Ca y est, c’est la fin. Après 10 jours de marathon, le Festival Interceltique de Lorient 2017 a fermé ses portes. Plus d’une semaine déjà que dès le dimanche soir, l’Espace Marine, le stade du Moustoir ou encore le Palais des Congrès se vidaient de tout le matériel, rendant aux lorientais leur ville transformée pour l’événement.
Tristes de se dire que la suite, ce n’est que dans un an… Mais la fatigue se faisait sentir et il était temps que cela s’arrête. Certains disent que le festival devrait durer un an. J’imagine mal l’entraînement qu’il faut avoir pour assurer 364 jours de riboul, à enchaîner bon an mal an. Parce que siroter une Kilkenny ou une Blanche Hermine de temps à autres, c’est bien (avec modération) mais de là à en faire notre quotidien…
Mais quand même, c’est un peu triste de voir les pages se refermer. Car le Festival Interceltique de Lorient, c’est quand même ce moment où l’on croise des gens de diverses origines et qui se retrouvent sur un point qui les fait vibrer, qui les porte, une culture commune qui se partage et que d’autres découvrent. Il y a les inévitables têtes d’affiche capables de drainer des foules, à l’instar des Tri Yann qui, tout en restant dans l’univers et le répertoire qui ont fait leur succès savent se renouveler, notamment grâce à l’apport des musiciens qui les accompagnent, comme ici avec la patte de Konan Mevel reconnaissable entre mille.
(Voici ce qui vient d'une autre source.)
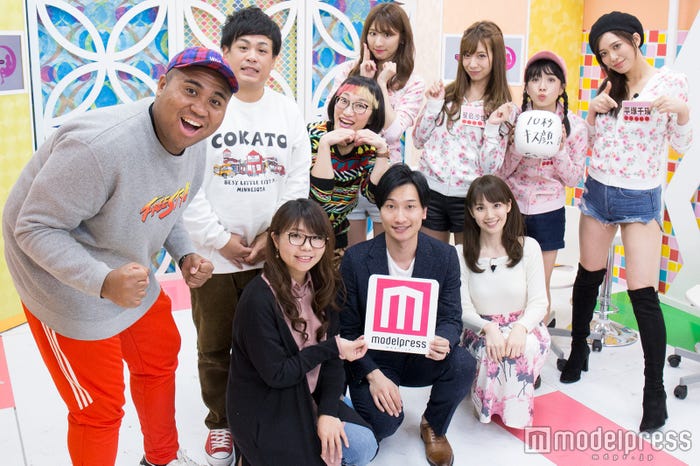 (前列左から)山崎ケイ、山添寛、妹田佳奈子(後列左から)アントニー、大トニー、松浦志穂(スパイク)、あびる李帆、星島沙也加、三田寺理紗、平塚千瑛 (C)モデルプレス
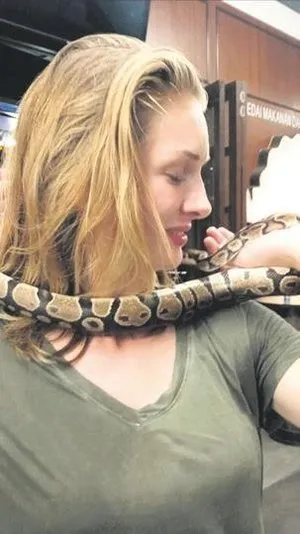 guzel oyuncu yasemin allen koyununda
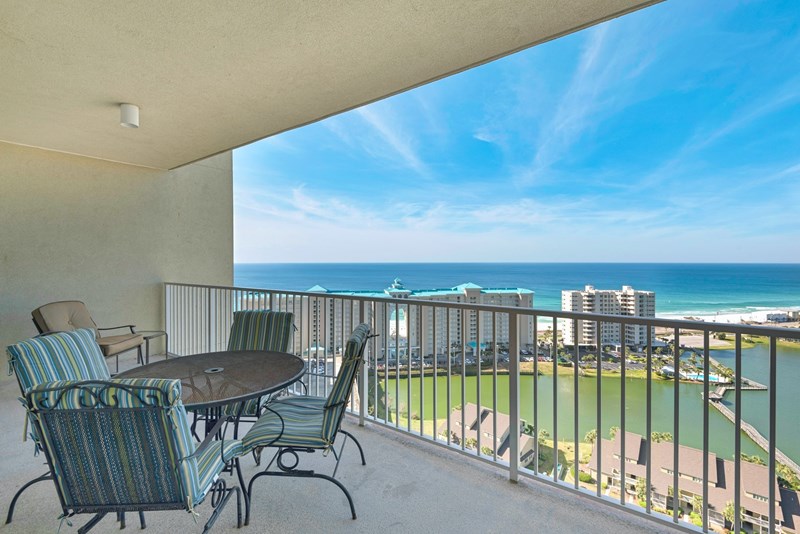 large balcony with patio set for enjoying the views!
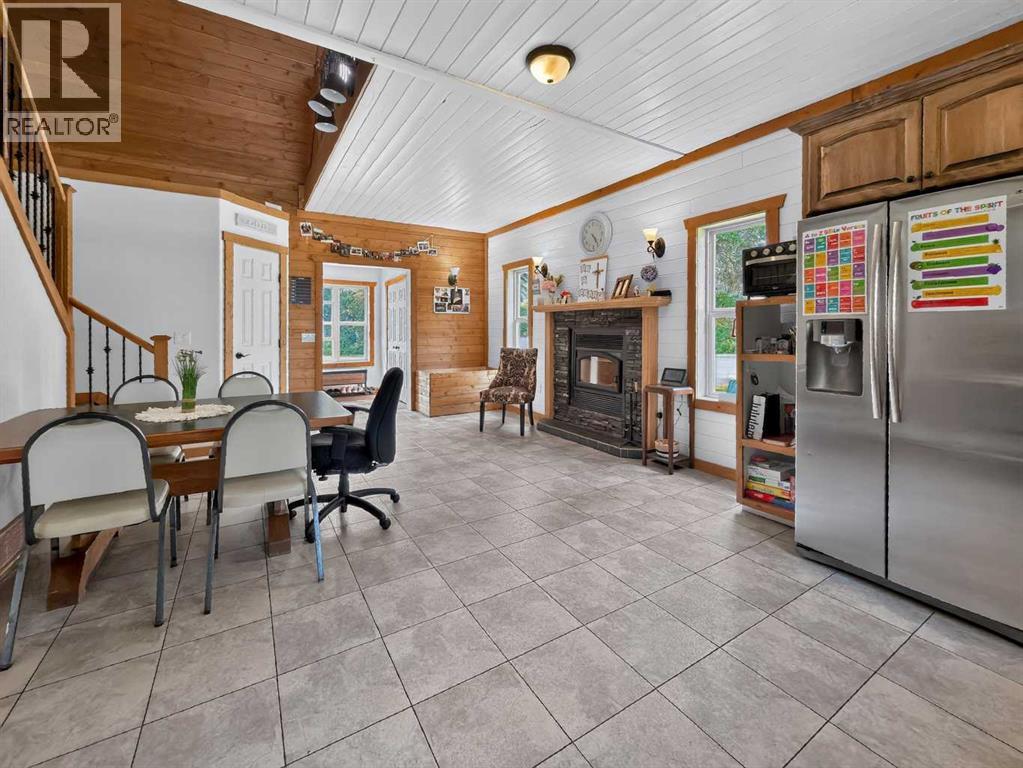 106065 Highway 697 - 18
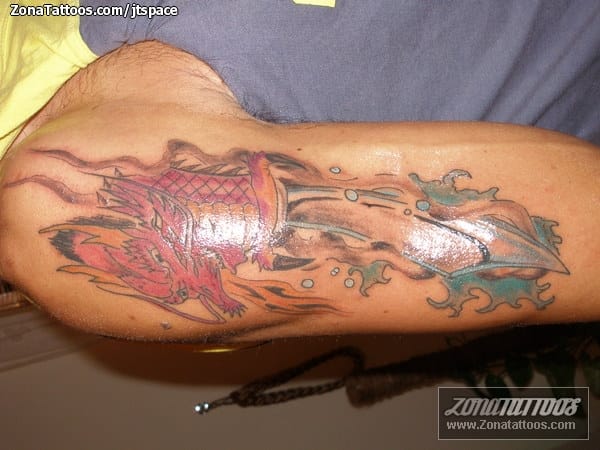 Foto de tatuaje Espadas, Dragones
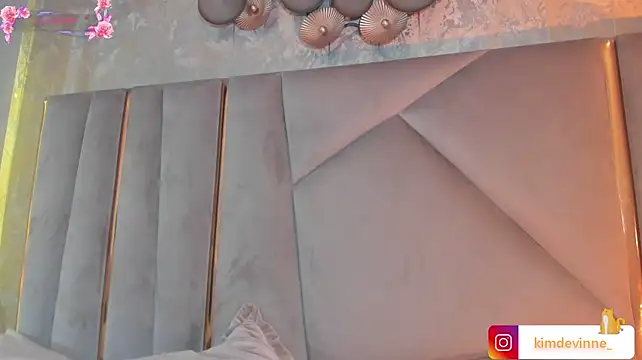 KimDevinne webcam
Il y a aussi les spectacles qui sont devenus des monuments du festival : la grande parade, les nuits interceltiques, etc…
En cette année mettant l’Ecosse à l’honneur, nous avons décidé sur Ar Gedour de nous focaliser sur cette nation celte et proposerons nos retours dans les jours à venir. En participant à certains spectacles, mais aussi en creusant et en arpentant les rues de Lorient ou le Pavillon de l’Ecosse, nous avons cherché à vous partager notre festival. Vous avez pu suivre nos directs et avez pu ainsi avoir un aperçu si vous n’étiez pas sur place mais rien ne vaut quelques lignes pour vous livrer nos impressions. Car si les poids lourds de la culture bretonne et des pays celtes sont bien présents un peu partout, on a aussi le plaisir de découvrir des ensembles moins connus ici mais célèbres outre-Manche. Run Rig, Amy McDonald, des noms connus. Au Festival, on peut y découvrir des jeunes pousses, des sons nouveaux, des groupes qui montre une tradition en perpétuel renouvellement. On ne présente plus Capercaillie et la superbe voix de Karen Matheson, mais prenez Talisk, le groupe écossais qui avant eux en deux chansons ont été capables de mettre le feu à l’Espace Marine pour la Nuit de l’Ecosse. Prenez aussi Tide Lines, Breabach ou Elephant Sessions pour ne citer qu’eux. Rien que pour les découvrir, cela valait le déplacement.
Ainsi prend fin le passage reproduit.